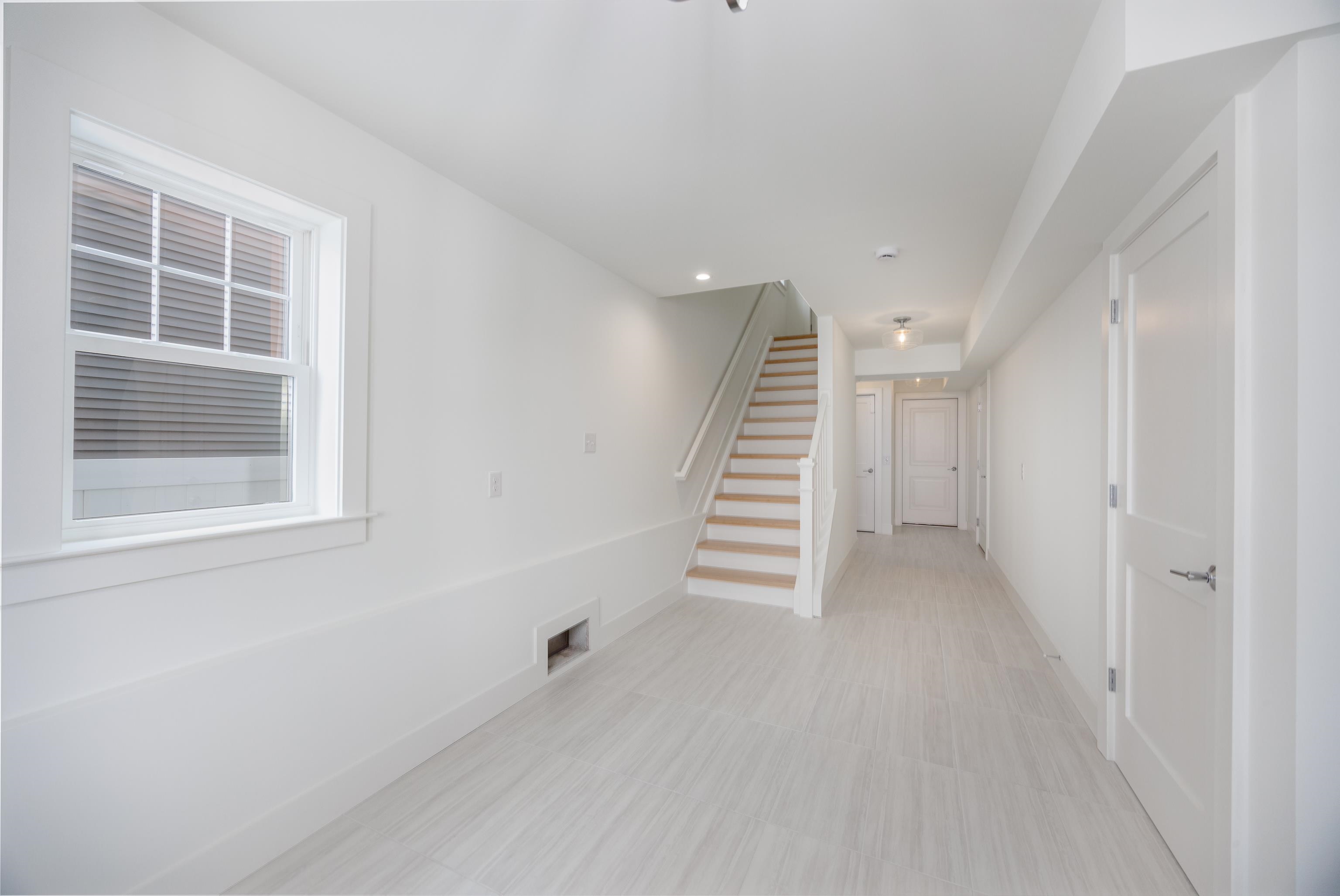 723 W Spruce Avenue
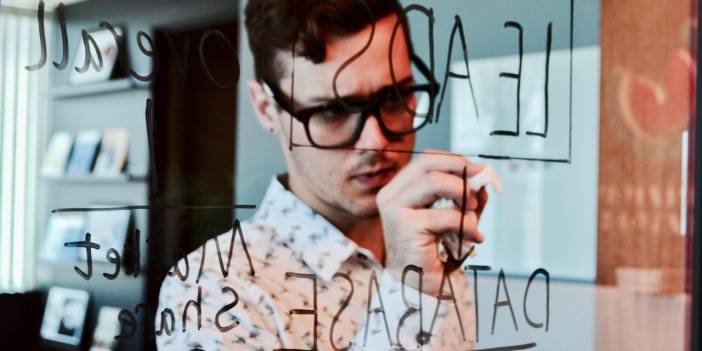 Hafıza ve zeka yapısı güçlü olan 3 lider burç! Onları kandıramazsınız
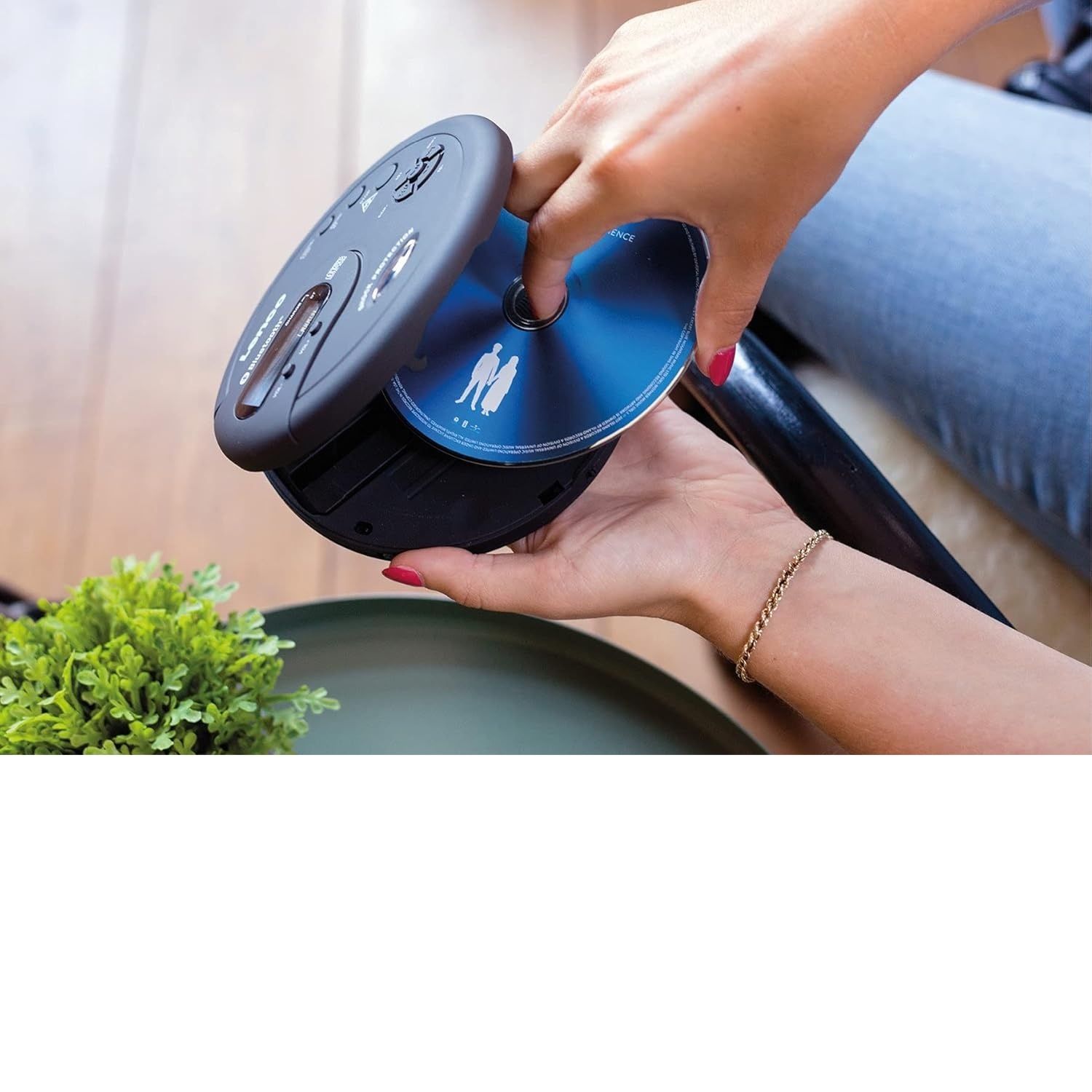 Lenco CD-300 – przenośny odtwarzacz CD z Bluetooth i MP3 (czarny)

-- Required action --
Output everything in the material exactly. Pictures stay out of it.

-- Task answer --
 723 W Spruce Avenue
 Hafıza ve zeka yapısı güçlü olan 3 lider burç! Onları kandıramazsınız
 Lenco CD-300 – przenośny odtwarzacz CD z Bluetooth i MP3 (czarny)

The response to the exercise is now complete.